Caption-style text data:
━━━━━━

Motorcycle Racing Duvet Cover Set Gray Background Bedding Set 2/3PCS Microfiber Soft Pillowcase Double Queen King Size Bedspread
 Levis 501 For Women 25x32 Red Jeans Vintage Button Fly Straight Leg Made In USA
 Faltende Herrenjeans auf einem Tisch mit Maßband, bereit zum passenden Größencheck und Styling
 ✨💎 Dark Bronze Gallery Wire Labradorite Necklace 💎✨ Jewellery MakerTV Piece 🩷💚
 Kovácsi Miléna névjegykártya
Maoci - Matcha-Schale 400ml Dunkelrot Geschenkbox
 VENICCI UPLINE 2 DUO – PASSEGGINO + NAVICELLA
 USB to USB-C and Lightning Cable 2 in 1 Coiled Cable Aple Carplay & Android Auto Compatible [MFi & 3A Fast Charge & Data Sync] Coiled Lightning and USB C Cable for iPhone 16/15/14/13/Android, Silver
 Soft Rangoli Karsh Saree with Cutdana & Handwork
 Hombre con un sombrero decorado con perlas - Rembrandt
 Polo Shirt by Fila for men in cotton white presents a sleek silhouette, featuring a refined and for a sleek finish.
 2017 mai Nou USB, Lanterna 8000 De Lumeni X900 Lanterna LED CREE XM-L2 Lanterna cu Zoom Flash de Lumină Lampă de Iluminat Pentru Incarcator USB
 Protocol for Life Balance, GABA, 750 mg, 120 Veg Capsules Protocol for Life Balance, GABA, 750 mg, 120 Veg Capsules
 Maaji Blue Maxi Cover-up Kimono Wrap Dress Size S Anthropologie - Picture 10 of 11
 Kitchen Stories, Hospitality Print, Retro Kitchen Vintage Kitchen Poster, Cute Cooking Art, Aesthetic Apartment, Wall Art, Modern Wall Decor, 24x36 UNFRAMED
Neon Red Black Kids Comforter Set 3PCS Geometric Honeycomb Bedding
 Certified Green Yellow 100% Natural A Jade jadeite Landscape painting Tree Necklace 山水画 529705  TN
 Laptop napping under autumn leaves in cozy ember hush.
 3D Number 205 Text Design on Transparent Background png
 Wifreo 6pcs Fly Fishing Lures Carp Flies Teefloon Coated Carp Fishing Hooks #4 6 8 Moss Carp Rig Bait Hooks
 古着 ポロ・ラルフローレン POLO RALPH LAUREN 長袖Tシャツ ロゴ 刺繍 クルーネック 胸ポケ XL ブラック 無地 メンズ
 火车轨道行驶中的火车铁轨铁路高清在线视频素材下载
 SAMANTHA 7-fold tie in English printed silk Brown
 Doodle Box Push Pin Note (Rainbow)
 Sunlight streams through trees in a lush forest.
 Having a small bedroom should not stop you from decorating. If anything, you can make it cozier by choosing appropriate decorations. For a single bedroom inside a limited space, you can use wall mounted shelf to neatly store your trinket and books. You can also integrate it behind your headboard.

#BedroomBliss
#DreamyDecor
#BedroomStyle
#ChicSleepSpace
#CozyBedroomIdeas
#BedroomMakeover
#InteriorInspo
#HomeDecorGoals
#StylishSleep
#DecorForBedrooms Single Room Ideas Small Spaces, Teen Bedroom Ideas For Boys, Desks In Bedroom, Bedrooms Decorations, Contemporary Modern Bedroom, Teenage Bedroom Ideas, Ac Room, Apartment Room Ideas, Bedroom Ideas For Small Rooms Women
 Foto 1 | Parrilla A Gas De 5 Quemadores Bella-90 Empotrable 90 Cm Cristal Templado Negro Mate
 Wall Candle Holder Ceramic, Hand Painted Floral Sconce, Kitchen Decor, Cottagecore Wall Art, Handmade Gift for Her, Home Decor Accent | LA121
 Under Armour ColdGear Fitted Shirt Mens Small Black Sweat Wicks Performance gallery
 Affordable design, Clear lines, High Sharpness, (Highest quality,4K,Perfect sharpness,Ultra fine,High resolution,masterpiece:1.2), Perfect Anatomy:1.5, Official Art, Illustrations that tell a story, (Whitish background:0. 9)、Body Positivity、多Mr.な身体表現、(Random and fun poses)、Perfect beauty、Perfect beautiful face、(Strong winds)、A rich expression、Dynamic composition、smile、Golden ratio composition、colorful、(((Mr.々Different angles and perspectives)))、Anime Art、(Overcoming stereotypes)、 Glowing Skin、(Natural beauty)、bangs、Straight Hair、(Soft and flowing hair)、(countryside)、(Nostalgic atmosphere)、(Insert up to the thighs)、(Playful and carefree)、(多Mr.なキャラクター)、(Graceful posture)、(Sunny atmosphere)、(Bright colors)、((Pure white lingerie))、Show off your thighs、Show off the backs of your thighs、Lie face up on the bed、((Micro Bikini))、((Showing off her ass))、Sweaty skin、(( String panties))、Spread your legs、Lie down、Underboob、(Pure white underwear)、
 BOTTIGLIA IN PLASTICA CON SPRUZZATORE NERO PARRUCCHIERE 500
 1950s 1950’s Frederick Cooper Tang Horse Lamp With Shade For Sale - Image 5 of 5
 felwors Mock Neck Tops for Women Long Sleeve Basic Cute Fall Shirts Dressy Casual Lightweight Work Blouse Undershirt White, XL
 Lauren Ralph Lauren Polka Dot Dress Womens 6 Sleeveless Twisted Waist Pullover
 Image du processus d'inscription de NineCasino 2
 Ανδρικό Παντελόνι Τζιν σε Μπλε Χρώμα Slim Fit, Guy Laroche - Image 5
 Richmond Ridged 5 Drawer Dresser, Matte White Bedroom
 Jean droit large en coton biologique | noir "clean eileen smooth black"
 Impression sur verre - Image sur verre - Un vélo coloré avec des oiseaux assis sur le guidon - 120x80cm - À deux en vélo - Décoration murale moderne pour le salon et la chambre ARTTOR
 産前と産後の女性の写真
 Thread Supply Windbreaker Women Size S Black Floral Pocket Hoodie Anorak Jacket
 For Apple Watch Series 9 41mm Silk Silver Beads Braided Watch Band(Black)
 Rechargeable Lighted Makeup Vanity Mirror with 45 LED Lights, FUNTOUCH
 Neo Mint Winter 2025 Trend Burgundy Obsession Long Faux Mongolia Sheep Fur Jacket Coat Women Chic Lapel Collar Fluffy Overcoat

━━━━━━

Extract the lines above, from the first one through the one containing "VENICCI UPLINE 2", and return only those, unchanged.

Motorcycle Racing Duvet Cover Set Gray Background Bedding Set 2/3PCS Microfiber Soft Pillowcase Double Queen King Size Bedspread
 Levis 501 For Women 25x32 Red Jeans Vintage Button Fly Straight Leg Made In USA
 Faltende Herrenjeans auf einem Tisch mit Maßband, bereit zum passenden Größencheck und Styling
 ✨💎 Dark Bronze Gallery Wire Labradorite Necklace 💎✨ Jewellery MakerTV Piece 🩷💚
 Kovácsi Miléna névjegykártya
Maoci - Matcha-Schale 400ml Dunkelrot Geschenkbox
 VENICCI UPLINE 2 DUO – PASSEGGINO + NAVICELLA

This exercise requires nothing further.